**RECORDS SHOWN**
::::::::::

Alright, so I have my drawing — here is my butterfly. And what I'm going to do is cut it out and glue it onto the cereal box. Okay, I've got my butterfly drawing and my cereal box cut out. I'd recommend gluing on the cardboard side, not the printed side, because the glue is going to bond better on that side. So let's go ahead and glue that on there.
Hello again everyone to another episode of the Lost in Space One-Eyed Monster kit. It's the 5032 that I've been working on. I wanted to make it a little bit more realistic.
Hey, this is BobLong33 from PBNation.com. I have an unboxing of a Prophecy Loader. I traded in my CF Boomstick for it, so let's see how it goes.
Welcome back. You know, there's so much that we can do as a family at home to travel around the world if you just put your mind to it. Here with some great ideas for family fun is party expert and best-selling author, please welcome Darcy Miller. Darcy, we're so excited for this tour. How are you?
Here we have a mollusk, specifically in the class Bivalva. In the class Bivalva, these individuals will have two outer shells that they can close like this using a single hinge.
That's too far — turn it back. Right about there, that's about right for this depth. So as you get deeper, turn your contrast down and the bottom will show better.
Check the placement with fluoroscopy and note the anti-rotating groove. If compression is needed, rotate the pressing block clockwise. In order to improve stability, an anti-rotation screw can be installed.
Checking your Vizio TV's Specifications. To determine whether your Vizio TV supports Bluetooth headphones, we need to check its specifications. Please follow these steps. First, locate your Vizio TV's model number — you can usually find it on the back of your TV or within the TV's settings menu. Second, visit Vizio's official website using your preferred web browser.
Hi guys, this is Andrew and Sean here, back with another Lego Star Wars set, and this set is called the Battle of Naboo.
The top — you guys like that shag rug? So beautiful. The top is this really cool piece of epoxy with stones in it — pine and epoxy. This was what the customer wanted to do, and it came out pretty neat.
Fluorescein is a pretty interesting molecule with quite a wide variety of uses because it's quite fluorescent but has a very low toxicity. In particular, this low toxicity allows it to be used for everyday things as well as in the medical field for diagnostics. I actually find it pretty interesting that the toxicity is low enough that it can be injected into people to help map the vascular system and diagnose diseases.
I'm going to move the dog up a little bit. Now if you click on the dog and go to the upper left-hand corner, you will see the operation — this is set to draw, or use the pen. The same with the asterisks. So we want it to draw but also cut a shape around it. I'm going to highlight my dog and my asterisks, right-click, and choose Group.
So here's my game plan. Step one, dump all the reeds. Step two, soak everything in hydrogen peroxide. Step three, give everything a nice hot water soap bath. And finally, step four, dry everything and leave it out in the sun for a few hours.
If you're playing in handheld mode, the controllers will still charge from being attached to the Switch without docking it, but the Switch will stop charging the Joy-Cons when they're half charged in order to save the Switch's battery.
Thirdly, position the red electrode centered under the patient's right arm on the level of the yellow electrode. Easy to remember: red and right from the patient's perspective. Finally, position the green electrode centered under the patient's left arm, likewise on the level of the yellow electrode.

::::::::::

**WORK REQUIRED**
Output the material above exactly, but only from the line that carries "That's too far" through the line that carries "The top — you".

**WRITTEN ANSWER**
That's too far — turn it back. Right about there, that's about right for this depth. So as you get deeper, turn your contrast down and the bottom will show better.
Check the placement with fluoroscopy and note the anti-rotating groove. If compression is needed, rotate the pressing block clockwise. In order to improve stability, an anti-rotation screw can be installed.
Checking your Vizio TV's Specifications. To determine whether your Vizio TV supports Bluetooth headphones, we need to check its specifications. Please follow these steps. First, locate your Vizio TV's model number — you can usually find it on the back of your TV or within the TV's settings menu. Second, visit Vizio's official website using your preferred web browser.
Hi guys, this is Andrew and Sean here, back with another Lego Star Wars set, and this set is called the Battle of Naboo.
The top — you guys like that shag rug? So beautiful. The top is this really cool piece of epoxy with stones in it — pine and epoxy. This was what the customer wanted to do, and it came out pretty neat.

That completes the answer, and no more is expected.